Data items:
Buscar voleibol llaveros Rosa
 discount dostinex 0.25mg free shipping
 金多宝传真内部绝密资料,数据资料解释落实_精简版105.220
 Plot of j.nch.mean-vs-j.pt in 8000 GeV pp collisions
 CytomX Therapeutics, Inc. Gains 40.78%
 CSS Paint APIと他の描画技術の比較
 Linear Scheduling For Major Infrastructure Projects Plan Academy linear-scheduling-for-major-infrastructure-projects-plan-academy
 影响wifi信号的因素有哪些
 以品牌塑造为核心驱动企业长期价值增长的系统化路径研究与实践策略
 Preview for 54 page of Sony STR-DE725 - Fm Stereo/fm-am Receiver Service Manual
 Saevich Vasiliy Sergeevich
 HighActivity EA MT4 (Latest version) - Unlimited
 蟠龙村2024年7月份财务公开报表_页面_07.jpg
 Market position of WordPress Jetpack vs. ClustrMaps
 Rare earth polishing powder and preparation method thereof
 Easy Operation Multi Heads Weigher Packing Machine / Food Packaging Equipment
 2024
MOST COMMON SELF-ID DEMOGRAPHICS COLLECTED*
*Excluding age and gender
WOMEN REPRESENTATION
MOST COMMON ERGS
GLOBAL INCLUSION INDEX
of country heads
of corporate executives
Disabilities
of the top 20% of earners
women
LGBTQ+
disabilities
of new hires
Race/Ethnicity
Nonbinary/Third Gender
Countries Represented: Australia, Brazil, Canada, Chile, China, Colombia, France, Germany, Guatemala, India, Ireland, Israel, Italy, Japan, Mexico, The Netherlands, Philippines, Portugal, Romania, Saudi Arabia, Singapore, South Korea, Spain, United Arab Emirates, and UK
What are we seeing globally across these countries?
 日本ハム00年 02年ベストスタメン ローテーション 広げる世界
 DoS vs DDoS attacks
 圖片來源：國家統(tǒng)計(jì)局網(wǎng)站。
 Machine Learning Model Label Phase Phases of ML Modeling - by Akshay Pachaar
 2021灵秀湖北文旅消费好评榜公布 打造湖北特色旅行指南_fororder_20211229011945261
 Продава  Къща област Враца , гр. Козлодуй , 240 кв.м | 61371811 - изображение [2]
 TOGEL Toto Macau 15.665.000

EXERCISE DESCRIPTION:
Reproduce the lines of the entries above from the one with "of new hires" to the one with "Machine Learning Model", both included, exactly and without any other line.

EXERCISE OUTPUT:
of new hires
Race/Ethnicity
Nonbinary/Third Gender
Countries Represented: Australia, Brazil, Canada, Chile, China, Colombia, France, Germany, Guatemala, India, Ireland, Israel, Italy, Japan, Mexico, The Netherlands, Philippines, Portugal, Romania, Saudi Arabia, Singapore, South Korea, Spain, United Arab Emirates, and UK
What are we seeing globally across these countries?
 日本ハム00年 02年ベストスタメン ローテーション 広げる世界
 DoS vs DDoS attacks
 圖片來源：國家統(tǒng)計(jì)局網(wǎng)站。
 Machine Learning Model Label Phase Phases of ML Modeling - by Akshay Pachaar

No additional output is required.